EvidenceProf Blog

Editor: Colin Miller
Univ. of South Carolina School of Law

Saturday, September 27, 2008

Invitation Only: Supreme Court of Texas Finds Invited Error Doctrine Doesn't Apply To Unsuccessful Attempts To Introduce Evidence

I have had three recent opportunities on this blog (here, here, and here) to address the invited error doctrine, the doctrine under which a party is not permitted to take advantage of an error which he himself invited or induced the trial court to make.  One specific application of the invited error doctrine is that a party cannot complain that the opposing party improperly introduced evidence concerning an impermissible subject when the complaining party already introduced evidence concerning that same subject.  Thus, for instance, in the recent case of United States v. Villavicencio, 2008 WL 2894108 (11th Cir. 2008), the Eleventh Circuit found that the trial court did not err in allowing the prosecution to present evidence that two grams of cocaine were recovered from a search of the defendant's bedroom, which would otherwise have been inadmissible character evidence, because defense counsel himself broached the topic during cross-examination of a DEA agent.

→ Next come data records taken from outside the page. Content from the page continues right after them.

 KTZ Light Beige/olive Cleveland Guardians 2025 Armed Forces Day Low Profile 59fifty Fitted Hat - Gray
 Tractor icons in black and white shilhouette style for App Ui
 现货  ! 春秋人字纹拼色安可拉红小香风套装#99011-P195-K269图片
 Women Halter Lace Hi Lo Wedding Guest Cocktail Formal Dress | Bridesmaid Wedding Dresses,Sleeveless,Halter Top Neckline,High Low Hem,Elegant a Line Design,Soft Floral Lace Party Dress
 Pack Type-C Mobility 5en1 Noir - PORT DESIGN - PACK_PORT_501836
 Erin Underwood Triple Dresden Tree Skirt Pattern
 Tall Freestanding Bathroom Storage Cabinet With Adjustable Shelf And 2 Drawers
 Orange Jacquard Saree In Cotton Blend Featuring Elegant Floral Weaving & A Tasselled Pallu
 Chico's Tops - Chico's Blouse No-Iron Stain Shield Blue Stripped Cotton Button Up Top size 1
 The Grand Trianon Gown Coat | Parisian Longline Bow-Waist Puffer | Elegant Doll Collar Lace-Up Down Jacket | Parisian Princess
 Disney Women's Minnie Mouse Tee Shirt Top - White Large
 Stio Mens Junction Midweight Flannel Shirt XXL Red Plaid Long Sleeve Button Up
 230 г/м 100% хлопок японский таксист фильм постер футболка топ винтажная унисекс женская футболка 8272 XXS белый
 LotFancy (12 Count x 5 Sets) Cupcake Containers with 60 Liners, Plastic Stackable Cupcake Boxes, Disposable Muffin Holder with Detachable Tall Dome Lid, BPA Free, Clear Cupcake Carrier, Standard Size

But what happens when a party attempts to present evidence relating to an impermissible subject, yet the trial court and/or the opposing party doesn't take the bait?  Well, in that case, it seems clear to me that the invited error doctrine doesn't apply, and that's exactly what the Supreme Court of Texas found in its recent opinion in Reliance Steel & Aluminum Co. v. Sevcik, 2008 WL 4370683 (Tex. 2008).  In Sevcik, Michael Sevcik and Cathy Loth were injured in a highway accident west of Houston when they were hit from behind by a tractor trailer owned by Reliance Steel & Aluminum Co.  They thereafter sued, and over Reliance Steel's objection, they offered the following testimony from the deposition of Reliance's corporate representative:

     Q: How big a company is Reliance?

     A: I believe last year's annual sales approximated $1.9 billion.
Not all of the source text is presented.